Short text fragments from websites
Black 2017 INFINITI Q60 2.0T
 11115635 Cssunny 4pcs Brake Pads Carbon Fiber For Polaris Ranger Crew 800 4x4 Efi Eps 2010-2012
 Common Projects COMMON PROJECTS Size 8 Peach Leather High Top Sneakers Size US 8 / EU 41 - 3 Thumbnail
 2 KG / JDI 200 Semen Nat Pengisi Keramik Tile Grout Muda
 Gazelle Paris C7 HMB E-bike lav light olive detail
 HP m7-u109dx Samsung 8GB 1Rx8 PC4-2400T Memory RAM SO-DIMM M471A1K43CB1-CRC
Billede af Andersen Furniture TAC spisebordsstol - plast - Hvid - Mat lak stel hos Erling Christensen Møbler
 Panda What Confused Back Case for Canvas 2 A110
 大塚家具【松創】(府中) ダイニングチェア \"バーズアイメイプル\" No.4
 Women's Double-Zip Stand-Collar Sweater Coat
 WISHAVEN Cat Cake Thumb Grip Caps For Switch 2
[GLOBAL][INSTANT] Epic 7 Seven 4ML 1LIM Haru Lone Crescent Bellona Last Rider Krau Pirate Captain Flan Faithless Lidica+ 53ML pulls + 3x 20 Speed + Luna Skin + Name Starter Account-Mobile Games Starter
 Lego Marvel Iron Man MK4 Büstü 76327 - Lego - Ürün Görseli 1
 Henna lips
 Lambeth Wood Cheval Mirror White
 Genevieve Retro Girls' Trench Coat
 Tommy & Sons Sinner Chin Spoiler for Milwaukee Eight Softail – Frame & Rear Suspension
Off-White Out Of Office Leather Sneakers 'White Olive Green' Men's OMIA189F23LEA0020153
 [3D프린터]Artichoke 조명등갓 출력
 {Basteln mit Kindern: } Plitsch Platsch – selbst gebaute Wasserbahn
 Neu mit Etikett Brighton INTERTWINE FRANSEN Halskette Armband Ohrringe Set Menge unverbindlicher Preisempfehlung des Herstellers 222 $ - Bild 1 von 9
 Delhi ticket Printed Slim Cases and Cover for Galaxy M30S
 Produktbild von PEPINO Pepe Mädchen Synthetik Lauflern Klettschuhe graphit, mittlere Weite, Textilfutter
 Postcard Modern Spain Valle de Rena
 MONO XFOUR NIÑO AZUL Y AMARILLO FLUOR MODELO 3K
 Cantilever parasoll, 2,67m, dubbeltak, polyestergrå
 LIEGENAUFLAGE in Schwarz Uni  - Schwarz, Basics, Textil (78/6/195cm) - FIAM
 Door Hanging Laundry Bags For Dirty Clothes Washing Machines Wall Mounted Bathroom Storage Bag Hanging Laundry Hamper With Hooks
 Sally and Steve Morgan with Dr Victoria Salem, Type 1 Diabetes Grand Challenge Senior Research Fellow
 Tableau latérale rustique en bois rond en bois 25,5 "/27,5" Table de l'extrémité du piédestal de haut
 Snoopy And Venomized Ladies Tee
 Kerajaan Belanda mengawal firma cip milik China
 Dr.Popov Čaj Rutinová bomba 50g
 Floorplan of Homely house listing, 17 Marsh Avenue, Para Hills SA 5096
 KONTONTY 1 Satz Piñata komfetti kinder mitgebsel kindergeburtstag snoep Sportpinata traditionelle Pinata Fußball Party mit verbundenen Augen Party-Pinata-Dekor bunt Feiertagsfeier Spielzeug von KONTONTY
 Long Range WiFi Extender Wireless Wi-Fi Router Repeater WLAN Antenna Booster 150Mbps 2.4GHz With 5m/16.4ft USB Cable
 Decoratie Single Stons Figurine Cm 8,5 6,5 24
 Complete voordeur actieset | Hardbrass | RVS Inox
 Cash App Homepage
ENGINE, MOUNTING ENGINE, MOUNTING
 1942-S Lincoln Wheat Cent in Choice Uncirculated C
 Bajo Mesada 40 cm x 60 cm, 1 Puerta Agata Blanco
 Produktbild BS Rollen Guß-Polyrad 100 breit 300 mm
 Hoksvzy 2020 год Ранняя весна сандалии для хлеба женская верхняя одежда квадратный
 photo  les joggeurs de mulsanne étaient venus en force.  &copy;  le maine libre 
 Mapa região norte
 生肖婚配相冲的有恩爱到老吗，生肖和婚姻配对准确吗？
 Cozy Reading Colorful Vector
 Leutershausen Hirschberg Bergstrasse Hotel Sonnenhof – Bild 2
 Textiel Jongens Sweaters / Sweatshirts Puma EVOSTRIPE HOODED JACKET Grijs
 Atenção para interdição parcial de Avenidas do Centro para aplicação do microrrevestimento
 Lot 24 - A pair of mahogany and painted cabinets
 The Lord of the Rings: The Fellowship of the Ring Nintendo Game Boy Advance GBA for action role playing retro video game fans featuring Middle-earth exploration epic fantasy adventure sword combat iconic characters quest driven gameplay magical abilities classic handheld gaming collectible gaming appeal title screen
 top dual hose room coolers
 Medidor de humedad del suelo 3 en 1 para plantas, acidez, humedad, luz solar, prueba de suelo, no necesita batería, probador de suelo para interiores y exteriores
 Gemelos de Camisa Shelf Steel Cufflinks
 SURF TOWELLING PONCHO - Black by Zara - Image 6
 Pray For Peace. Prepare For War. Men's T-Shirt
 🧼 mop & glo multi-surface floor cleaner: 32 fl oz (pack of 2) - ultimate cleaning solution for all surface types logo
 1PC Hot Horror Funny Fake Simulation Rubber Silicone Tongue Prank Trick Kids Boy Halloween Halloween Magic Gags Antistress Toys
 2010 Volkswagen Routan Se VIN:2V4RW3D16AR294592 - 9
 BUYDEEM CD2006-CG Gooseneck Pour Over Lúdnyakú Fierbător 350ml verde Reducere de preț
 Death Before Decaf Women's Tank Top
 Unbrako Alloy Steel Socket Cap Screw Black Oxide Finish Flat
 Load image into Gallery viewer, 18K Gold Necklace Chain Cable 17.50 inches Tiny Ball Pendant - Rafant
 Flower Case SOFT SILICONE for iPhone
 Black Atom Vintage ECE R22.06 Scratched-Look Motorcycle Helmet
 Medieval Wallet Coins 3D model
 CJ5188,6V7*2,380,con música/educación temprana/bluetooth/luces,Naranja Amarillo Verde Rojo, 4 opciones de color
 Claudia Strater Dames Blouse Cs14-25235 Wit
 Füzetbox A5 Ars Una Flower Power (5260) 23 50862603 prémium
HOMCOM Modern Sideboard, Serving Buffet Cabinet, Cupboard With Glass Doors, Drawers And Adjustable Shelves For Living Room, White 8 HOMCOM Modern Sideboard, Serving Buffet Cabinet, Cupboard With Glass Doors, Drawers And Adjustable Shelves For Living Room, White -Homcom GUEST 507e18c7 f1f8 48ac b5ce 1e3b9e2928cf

PROBLEM TO WORK ON: In the entries above, restate word for word the lines between the one holding "[GLOBAL][INSTANT] Epic 7" and the one holding "Tommy & Sons", inclusive, and nothing besides.

SOLUTION:
[GLOBAL][INSTANT] Epic 7 Seven 4ML 1LIM Haru Lone Crescent Bellona Last Rider Krau Pirate Captain Flan Faithless Lidica+ 53ML pulls + 3x 20 Speed + Luna Skin + Name Starter Account-Mobile Games Starter
 Lego Marvel Iron Man MK4 Büstü 76327 - Lego - Ürün Görseli 1
 Henna lips
 Lambeth Wood Cheval Mirror White
 Genevieve Retro Girls' Trench Coat
 Tommy & Sons Sinner Chin Spoiler for Milwaukee Eight Softail – Frame & Rear Suspension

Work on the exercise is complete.